Von Neumann's trace inequality. For matrices A, B with SVDs S_A, S_B: |⟨A, B⟩| ≤ Σⱼ σⱼ(A) · σⱼ(B) where the singular values are extended to the common index Fin (min d T).

This fundamental result in matrix analysis is stated without proof in Rigollet's text and proved in:

• Horn & Johnson, Matrix Analysis, 2nd ed., Theorem 7.4.1.1
• Bhatia, Matrix Analysis, Chapter IV, Theorem IV.2.5

We introduce it as an axiom since the proof is not given in the textbook.

theorem holder_schatten_nuclear_op {d T : ℕ} (A B : Matrix (Fin d) (Fin T) ℝ) (S_A : SVD d T) (hA : S_A.IsDecompOf A) (hu : ∀ (j : Fin S_A.r), ‖WithLp.toLp 2 (S_A.u j)‖ = 1) (hv : ∀ (j : Fin S_A.r), ‖WithLp.toLp 2 (S_A.v j)‖ = 1) : frobeniusInnerProduct A B ≤ nuclearNormSVD S_A * matrixOpNorm B

Hölder's inequality for Schatten norms (special case p=1, q=∞).

⟨A, B⟩ ≤ ‖A‖_* · ‖B‖_op

where ‖A‖_* is the nuclear (trace/Schatten-1) norm and ‖B‖_op is the operator (spectral/Schatten-∞) norm.
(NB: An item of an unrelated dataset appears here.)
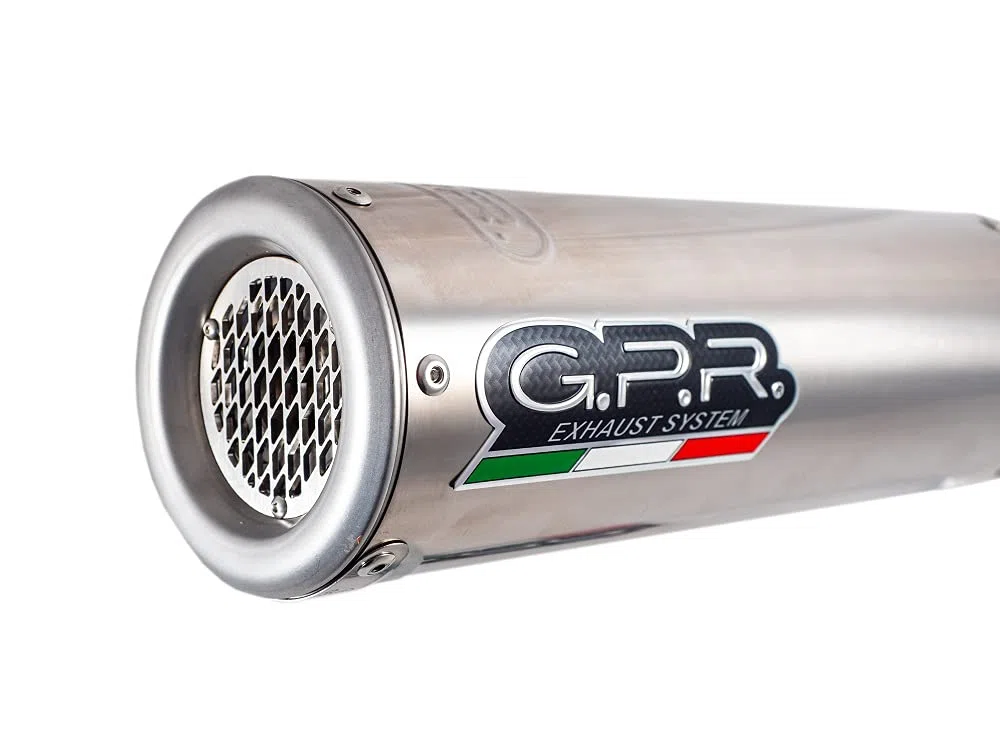 SCARICO GPR EXHAUST SYSTEM COMPATIBILE CON KAWASAKI ER 6 N - F 2005/11 TERMINALE SCARICO OMOLOGATO CON RACCORDO M3 INOX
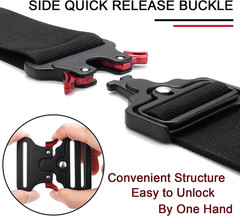 2Pack 2&Prime; Tactical Duty Belt Buckle, Metal Tactical Buckle Clasps for Luggage Str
The hypotheses hu and hv assert that the SVD singular vectors are L²-unit vectors, which is always the case for a proper SVD.

Proof: Let A = UΣVᵀ be the SVD. Then ⟨A, B⟩ = Σⱼ σⱼ · uⱼᵀBvⱼ ≤ Σⱼ σⱼ · ‖B‖op = ‖A‖* · ‖B‖_op, using uⱼᵀBvⱼ ≤ ‖B‖_op (by Cauchy-Schwarz and the operator norm bound).

theorem holder_schatten_general {d T : ℕ} (A B : Matrix (Fin d) (Fin T) ℝ) (S_A : SVD d T) (hA : S_A.IsDecompOf A) (S_B : SVD d T) (hB : S_B.IsDecompOf B) (p q : ℝ) (hp : 1 ≤ p) (hq : 1 ≤ q) (hpq : 1 / p + 1 / q = 1) : |frobeniusInnerProduct A B| ≤ schattenNorm S_A p * schattenNorm S_B q

Hölder's inequality for Schatten norms (general form).

For p, q ∈ [1, ∞] with 1/p + 1/q = 1: |⟨A, B⟩| ≤ ‖A‖_p · ‖B‖_q

where ‖·‖_p denotes the Schatten p-norm.

Proof sketch (not formalized): By von Neumann's trace inequality, |⟨A, B⟩| ≤ Σⱼ σⱼ(A) · σⱼ(B). Then apply the classical Hölder inequality for finite sequences to the singular value vectors: Σⱼ σⱼ(A) · σⱼ(B) ≤ (Σⱼ σⱼ(A)^p)^{1/p} · (Σⱼ σⱼ(B)^q)^{1/q} = ‖A‖_p · ‖B‖_q.

This general form uses von Neumann's trace inequality (introduced as a theorem since its proof is not given in the textbook) together with Mathlib's Hölder inequality for finite nonnegative sequences.